親犬がチャンピオン犬などの血統の良い子犬の場合には100万円に近い価格が付けられることもあるようです。
◆毛色
希少かつ人気カラーである「ホワイト」の毛並みを持つ場合には50万円を超えることがあるようです。
◆性別(大きさ)
アイリッシュウルフハウンドを購入する上で、最大の特徴である「大きさ」は重要な要素となります。
そのため、メスよりもオスの方が大きくなるため比較的小さなメスのほうは価格が安くなるようです。
◆その他
アイリッシュウルフハウンドは、「股関節形成不全」を起こしやすい犬種です。
遺伝的な疾患であるために、子犬を選ぶ際には親犬にこの病気がないかなど健康に関する情報を確認しておくことをおすすめします。

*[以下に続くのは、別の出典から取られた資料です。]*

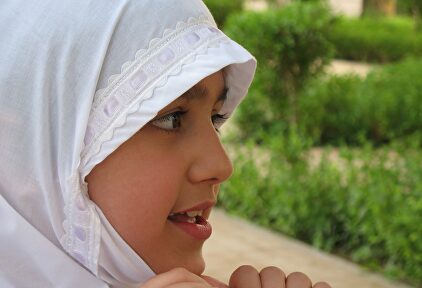 Niña con el velo islámico |  Pixabay/CC/ebrahim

中にはすでにブリーダーさんによってそれらの疾患の検査を終えている子犬がいます。
その場合には、検査分としての費用が入って販売価格もやや高くなっていることもあるようです。
子犬はブリーダーから
アイリッシュウルフハウンドは、希少な犬種なうえ、生後4か月の時点ですでに体重20kg前後にもなる超大型犬のため、ペットショップでの展示販売には向いていません。
子犬を迎える場合には、ブリーダーからの購入が一般的となります。
できればアイリッシュウルフハウンドを専門に繁殖を行っているブリーダーから購入することをおすすめします。
それでも国内にはブリーダーの数も多くはないため、海外からの輸入も視野に入れておいた方が良いでしょう。